[Start of Attachment]

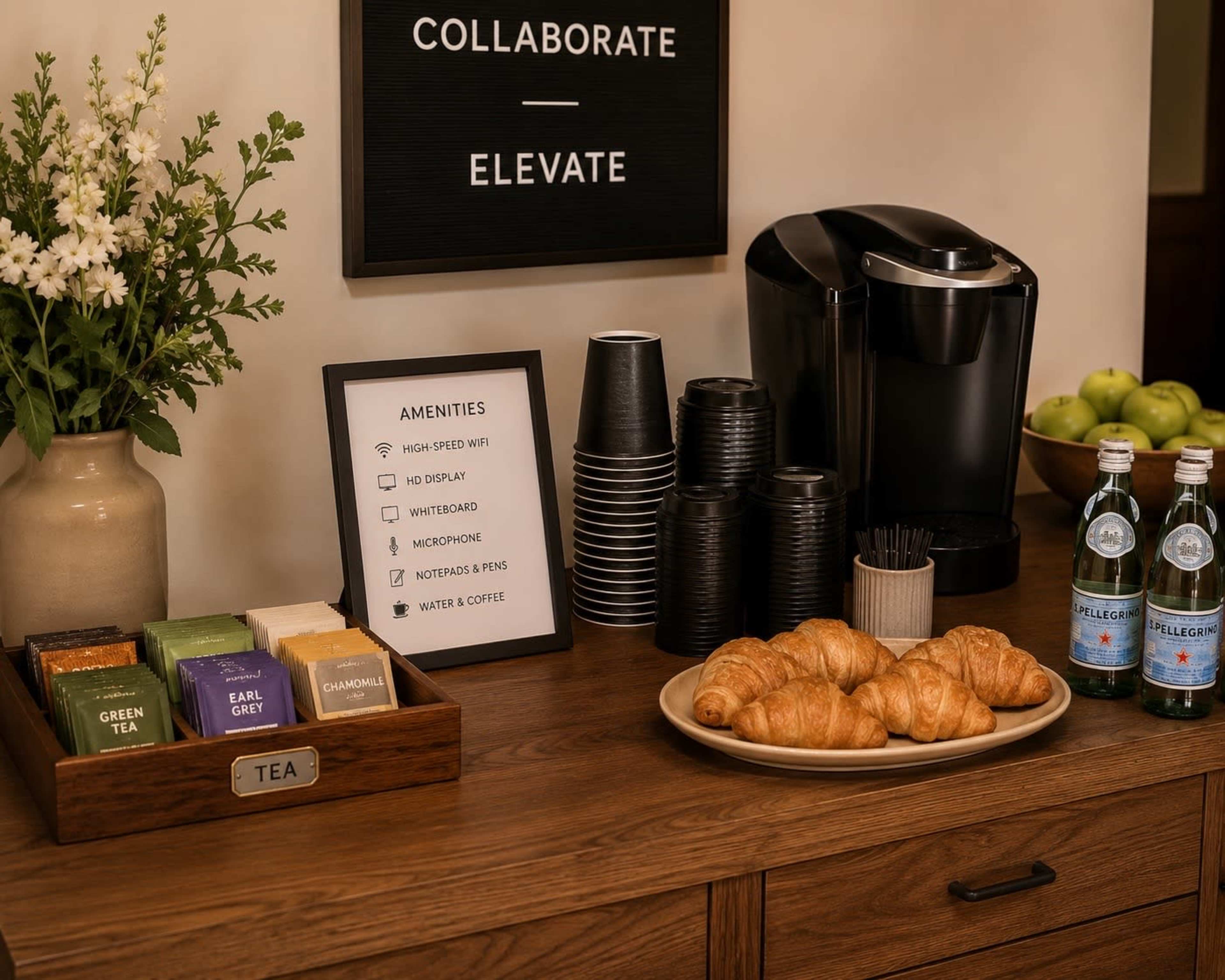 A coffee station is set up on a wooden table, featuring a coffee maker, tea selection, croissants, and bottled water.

[End of Attachment]
[Start of Attachment]

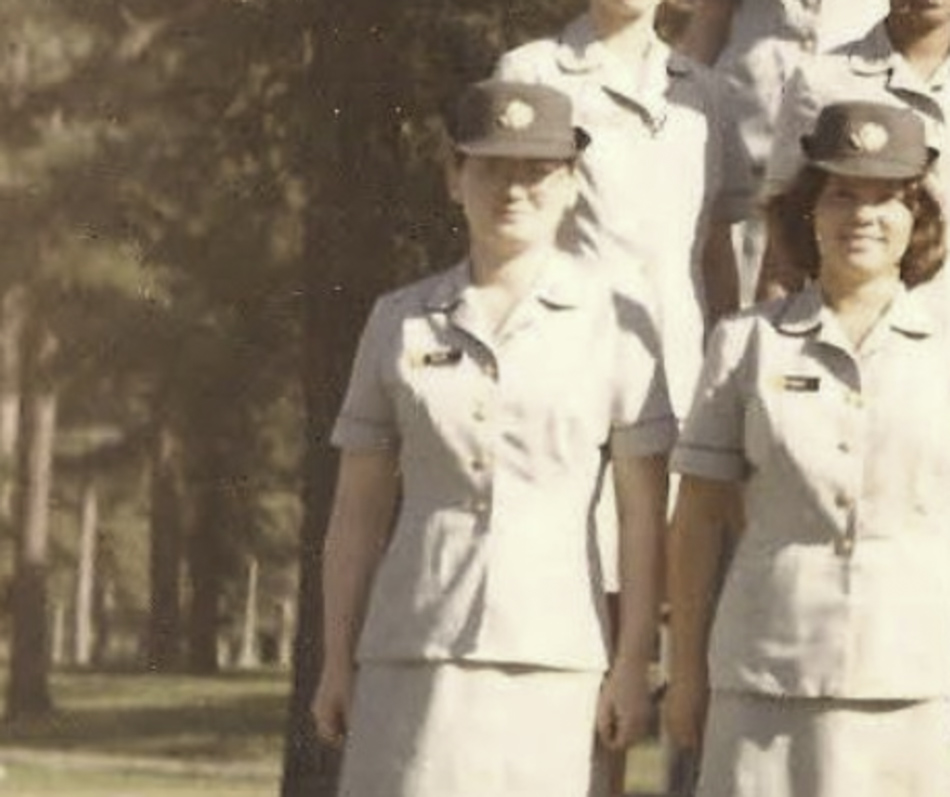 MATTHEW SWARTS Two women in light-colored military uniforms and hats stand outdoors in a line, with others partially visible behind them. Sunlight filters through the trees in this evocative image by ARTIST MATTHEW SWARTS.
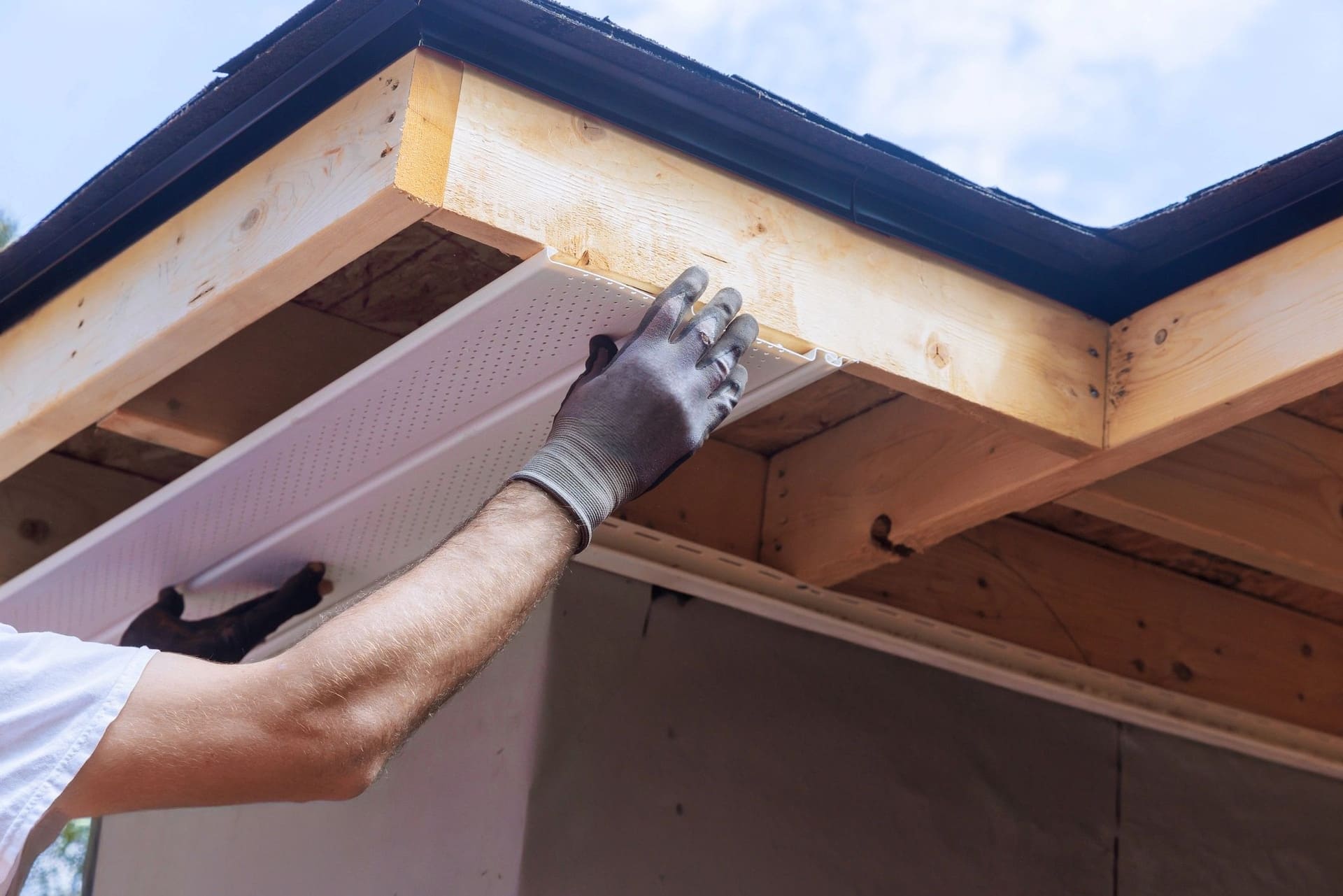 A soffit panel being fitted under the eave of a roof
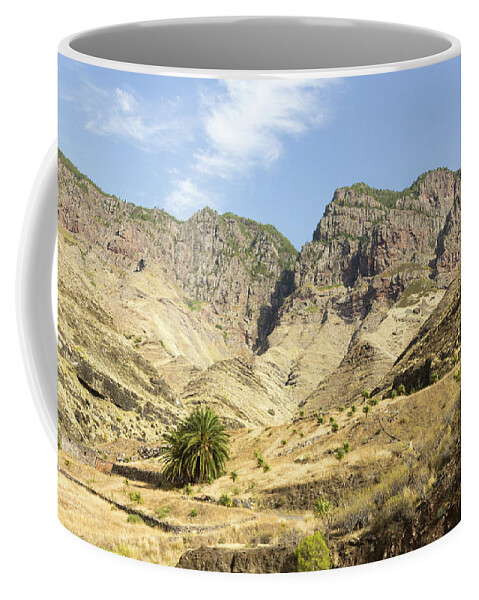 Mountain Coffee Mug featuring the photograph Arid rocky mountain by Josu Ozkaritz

[End of Attachment]

Look above for the line containing "MATTHEW SWARTS Two" and the line containing "Mountain Coffee Mug", then reproduce both and everything between them exactly, pictures omitted.

 MATTHEW SWARTS Two women in light-colored military uniforms and hats stand outdoors in a line, with others partially visible behind them. Sunlight filters through the trees in this evocative image by ARTIST MATTHEW SWARTS.
 A soffit panel being fitted under the eave of a roof
 Mountain Coffee Mug featuring the photograph Arid rocky mountain by Josu Ozkaritz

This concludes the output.